Polo hace plantearnos la relación entre ellos o, -dicho de la
manera que nos interesa aquí-, pregunta por cómo están
comunicados entre sí.
Lo que en el plano antropológico sería la «comunicación», en
el transcendental lo llama «conversión». Sin entrar en
profundidades y matices importantes que aquí no vienen al caso,
planteado el problema del «orden» (jerarquía, primacía) y la
«conversión», se dan -según una sistematización general del
discurso filosófico- tres posturas básicas posibles: el
realismo moderado (aristotelismo, tomismo), el realismo duro y
puro o idealismo (Platón, Hegel) y el nominalismo (Ockam,
empirismo británico, liberalismo).
Dicho de modo simplificador, según el realismo el «ser» es el
trascendental primero, y el «bien» el tercero, si no quiere
arriesgarse a perder su carácter de transcendental. El bien
sólo lo es en la medida que es verdadera manifestación del ser
(realidad); la comunicación o conversión o es así o no la hay.
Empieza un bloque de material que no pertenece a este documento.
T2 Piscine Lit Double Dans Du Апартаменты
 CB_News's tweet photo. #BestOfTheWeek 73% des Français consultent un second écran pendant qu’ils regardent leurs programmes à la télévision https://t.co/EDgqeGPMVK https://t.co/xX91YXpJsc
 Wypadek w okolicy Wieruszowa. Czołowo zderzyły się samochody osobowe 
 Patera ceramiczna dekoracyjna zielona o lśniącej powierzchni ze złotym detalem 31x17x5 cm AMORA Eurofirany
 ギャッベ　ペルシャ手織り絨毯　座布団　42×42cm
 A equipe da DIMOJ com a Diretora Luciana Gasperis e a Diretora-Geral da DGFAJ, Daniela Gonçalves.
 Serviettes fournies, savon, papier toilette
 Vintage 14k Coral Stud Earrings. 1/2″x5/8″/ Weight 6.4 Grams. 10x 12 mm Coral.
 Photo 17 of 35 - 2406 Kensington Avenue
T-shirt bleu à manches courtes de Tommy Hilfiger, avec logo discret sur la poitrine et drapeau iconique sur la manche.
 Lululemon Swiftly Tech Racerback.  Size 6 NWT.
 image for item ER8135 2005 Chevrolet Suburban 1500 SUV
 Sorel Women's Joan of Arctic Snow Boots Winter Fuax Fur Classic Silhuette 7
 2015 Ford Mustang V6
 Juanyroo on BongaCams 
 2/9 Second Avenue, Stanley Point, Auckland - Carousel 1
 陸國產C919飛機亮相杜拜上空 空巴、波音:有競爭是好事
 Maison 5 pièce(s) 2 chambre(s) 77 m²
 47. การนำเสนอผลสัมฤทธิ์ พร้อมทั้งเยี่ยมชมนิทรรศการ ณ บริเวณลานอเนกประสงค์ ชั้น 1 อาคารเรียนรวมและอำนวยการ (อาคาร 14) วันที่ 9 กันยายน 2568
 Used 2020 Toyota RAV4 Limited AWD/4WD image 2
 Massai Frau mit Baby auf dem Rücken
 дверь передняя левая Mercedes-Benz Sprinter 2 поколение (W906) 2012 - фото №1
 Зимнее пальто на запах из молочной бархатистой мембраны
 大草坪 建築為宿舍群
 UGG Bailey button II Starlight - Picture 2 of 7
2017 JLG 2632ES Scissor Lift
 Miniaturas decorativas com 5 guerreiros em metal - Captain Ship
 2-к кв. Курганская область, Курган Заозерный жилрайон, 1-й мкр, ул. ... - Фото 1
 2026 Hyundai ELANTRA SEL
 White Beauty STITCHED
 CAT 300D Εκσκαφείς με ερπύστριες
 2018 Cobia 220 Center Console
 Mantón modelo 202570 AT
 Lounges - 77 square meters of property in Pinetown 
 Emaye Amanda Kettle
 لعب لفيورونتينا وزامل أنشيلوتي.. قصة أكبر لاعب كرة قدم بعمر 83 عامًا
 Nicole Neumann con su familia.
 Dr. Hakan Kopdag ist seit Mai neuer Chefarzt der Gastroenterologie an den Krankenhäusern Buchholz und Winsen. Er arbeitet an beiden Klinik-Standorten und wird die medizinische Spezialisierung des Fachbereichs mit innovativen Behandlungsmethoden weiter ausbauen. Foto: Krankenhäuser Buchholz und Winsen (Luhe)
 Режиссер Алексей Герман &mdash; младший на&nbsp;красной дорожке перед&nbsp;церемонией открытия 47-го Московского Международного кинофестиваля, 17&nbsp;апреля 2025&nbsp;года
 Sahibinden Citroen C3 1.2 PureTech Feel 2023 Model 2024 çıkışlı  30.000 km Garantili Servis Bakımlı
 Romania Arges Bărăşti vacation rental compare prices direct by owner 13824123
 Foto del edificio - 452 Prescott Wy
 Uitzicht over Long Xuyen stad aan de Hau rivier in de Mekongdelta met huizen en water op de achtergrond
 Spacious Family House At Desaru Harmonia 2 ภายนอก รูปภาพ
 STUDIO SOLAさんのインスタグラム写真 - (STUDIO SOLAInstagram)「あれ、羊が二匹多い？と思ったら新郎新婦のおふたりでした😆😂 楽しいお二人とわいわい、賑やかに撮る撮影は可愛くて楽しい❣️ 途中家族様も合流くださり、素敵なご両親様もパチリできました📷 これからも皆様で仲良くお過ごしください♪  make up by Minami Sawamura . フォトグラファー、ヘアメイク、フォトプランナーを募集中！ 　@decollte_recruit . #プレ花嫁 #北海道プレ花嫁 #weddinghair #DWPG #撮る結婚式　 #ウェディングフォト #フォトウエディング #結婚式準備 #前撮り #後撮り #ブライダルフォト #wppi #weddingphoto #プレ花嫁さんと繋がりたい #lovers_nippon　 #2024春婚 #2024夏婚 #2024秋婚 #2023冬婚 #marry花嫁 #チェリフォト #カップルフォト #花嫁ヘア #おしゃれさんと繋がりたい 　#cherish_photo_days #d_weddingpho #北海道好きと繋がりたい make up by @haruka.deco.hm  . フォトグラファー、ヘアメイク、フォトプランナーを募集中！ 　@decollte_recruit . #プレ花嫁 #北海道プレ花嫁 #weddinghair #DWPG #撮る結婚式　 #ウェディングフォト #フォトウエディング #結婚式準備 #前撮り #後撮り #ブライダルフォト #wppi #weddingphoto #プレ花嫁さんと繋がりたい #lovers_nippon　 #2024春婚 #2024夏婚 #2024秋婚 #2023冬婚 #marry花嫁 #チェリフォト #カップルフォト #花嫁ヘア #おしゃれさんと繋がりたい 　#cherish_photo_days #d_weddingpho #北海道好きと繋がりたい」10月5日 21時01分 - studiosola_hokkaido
La postura del nominalismo no admite conversión, sino sólo el
«bien»; éste no puede ser más que individual. Es una postura
escéptica, no admite realidad alguna de los universales (ideas).
Al negar el carácter de realidad a los universales, los
conceptos operantes en nuestro pensamiento no son más que
ficciones e hipótesis útiles producidas por la mente misma ya
que lo único que existiría, terminantemente, son los
individuos, o sea, lo singular.
El nominalismo es la base gnoseológica del individualismo
ético-antropológico, político y económico. La comunicación
entre los individuos es absolutamente voluntaria y, por tanto
necesariamente difícil por ser arbitraria, pero de ninguna
manera esencial; o sea, la relación o comunicación no está
fundada en una esencia compartida por todos que permite un
verdadero conocimiento, sino uno meramente subjetivo. El
nominalismo es voluntarismo, el primer trascendental es el
«bien», en el sentido del «yo quiero». El nominalismo es una
postura anterior al idealismo, esto es, la reformulación del
realismo duro platónico (la idea como lo máximamente real y
objetivo), pero en clave cartesiana. Descartes sustituyó la
búsqueda de la «verdad» (propio del conocimiento
intencional-aspectual) por la producción de «certeza».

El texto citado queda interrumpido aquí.